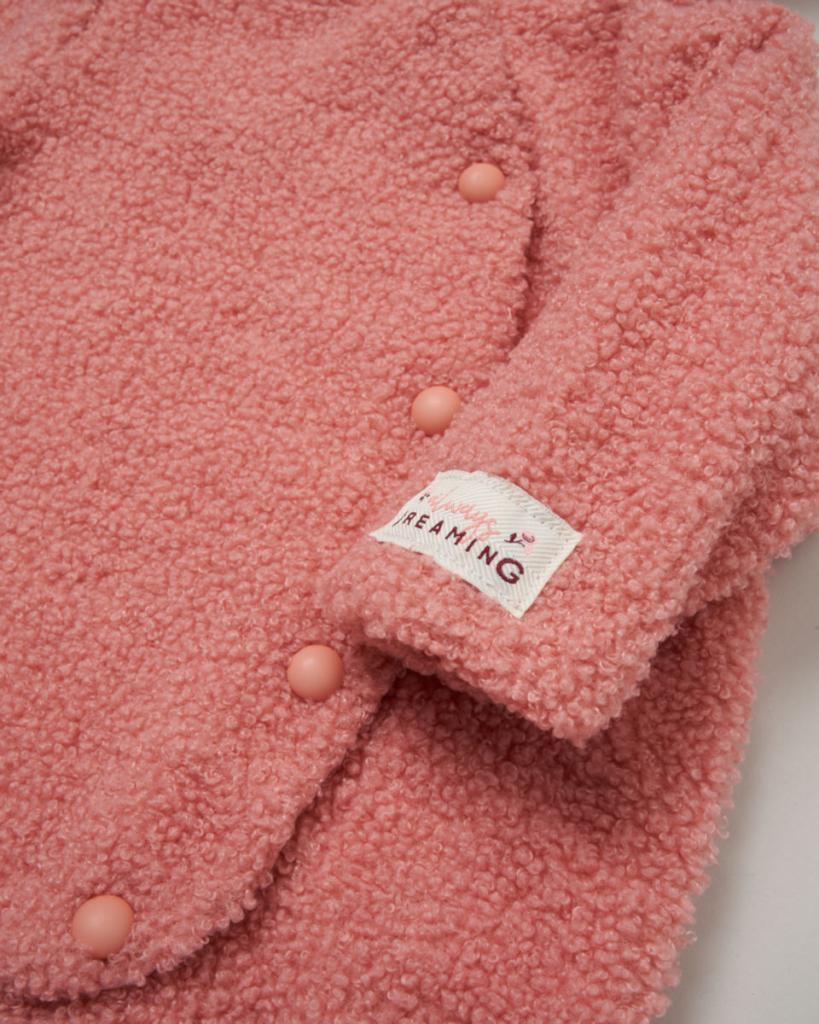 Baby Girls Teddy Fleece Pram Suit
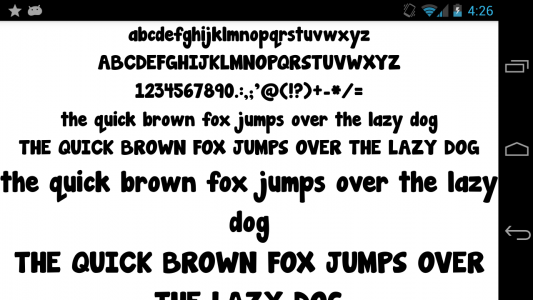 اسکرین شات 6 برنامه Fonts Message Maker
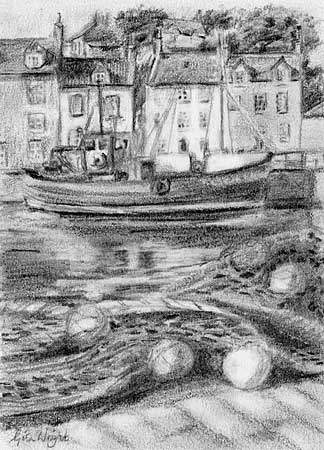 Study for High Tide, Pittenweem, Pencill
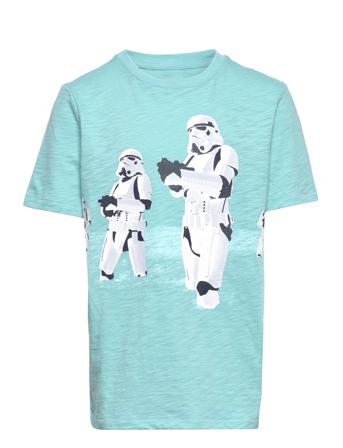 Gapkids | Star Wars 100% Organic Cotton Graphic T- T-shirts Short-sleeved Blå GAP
* * *
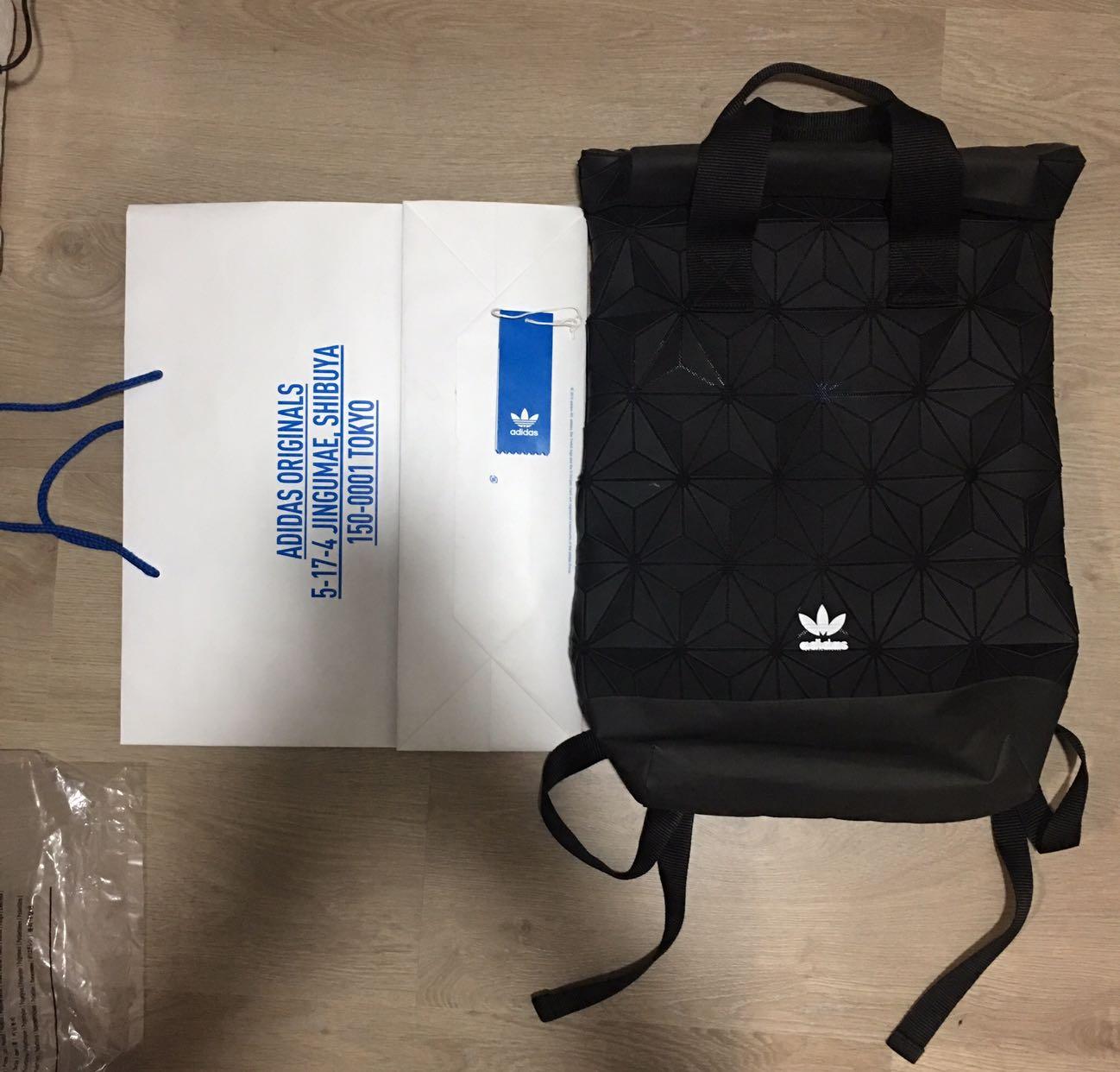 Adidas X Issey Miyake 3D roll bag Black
---
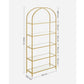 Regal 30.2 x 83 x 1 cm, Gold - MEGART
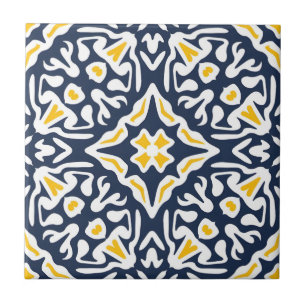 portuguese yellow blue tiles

ASSIGNMENT: Within the entries above, give again exactly the lines starting at the one that contains "اسکرین شات 6 برنامه Fonts Message Maker" and ending at the one that contains "Gapkids | Star", leaving out the pictures.

RESPONSE:
 اسکرین شات 6 برنامه Fonts Message Maker
 Study for High Tide, Pittenweem, Pencill
 Gapkids | Star Wars 100% Organic Cotton Graphic T- T-shirts Short-sleeved Blå GAP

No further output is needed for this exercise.